■ Your assignment:
Repeat exactly the lines below from the line that contains "迷你龍魚體型最小的龍魚多大了：養殖迷你龍魚需要注意什么" to the last line, inclusive, without the pictures.

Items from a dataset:
>>>

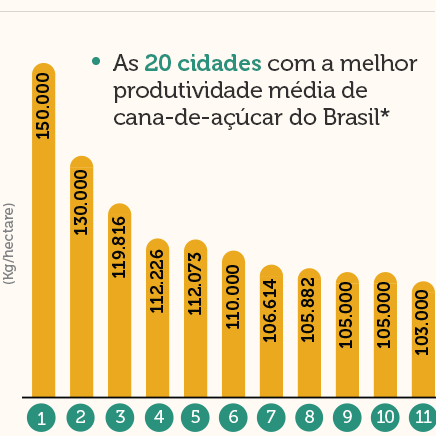 graf-20-cidades-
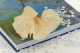 Preserved Anthurium White (set of 3) 12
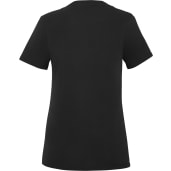 American Giant Classic Cotton V-Neck T - Women's 31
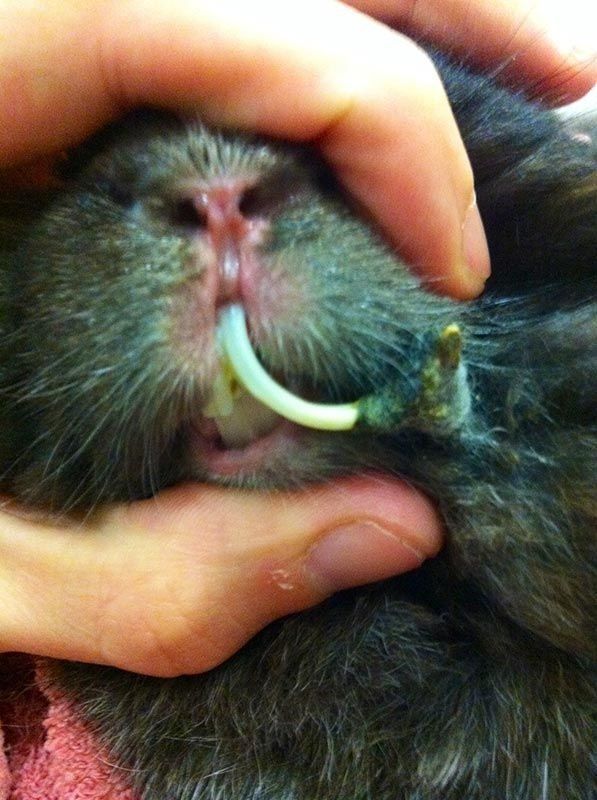 Centro veterinario Sabadell EXIVET Centro veterinario Sabadell EXIVET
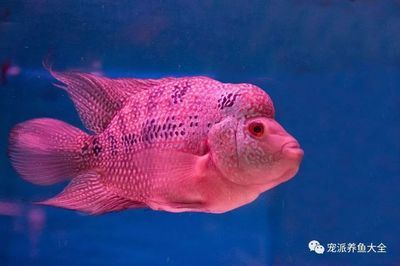 迷你龍魚體型最小的龍魚多大了：養殖迷你龍魚需要注意什么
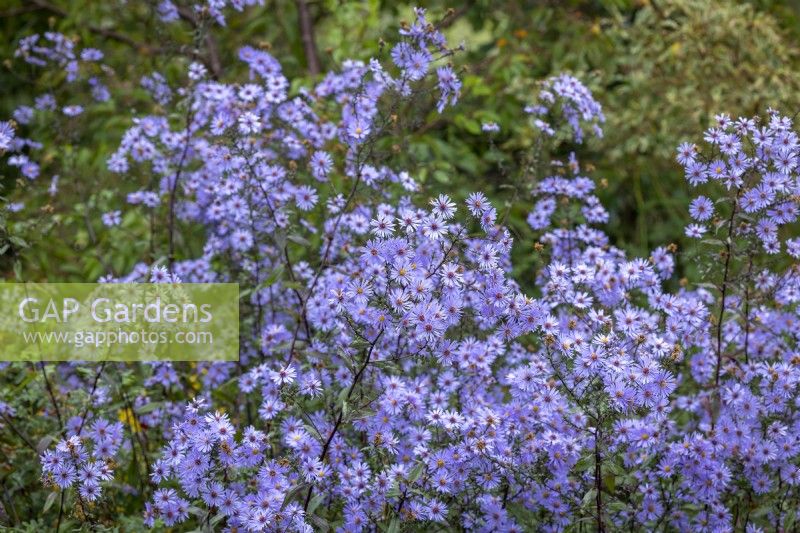 Symphyotrichum laeve 'Arcturus' syn. Aster laevis 'Arcturus', Aster 'Climax'. Notable for dark leaves and stems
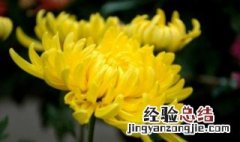 菊花的养殖方法 菊花如何养殖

<<<

■ Final answer:
 迷你龍魚體型最小的龍魚多大了：養殖迷你龍魚需要注意什么
 Symphyotrichum laeve 'Arcturus' syn. Aster laevis 'Arcturus', Aster 'Climax'. Notable for dark leaves and stems
 菊花的养殖方法 菊花如何养殖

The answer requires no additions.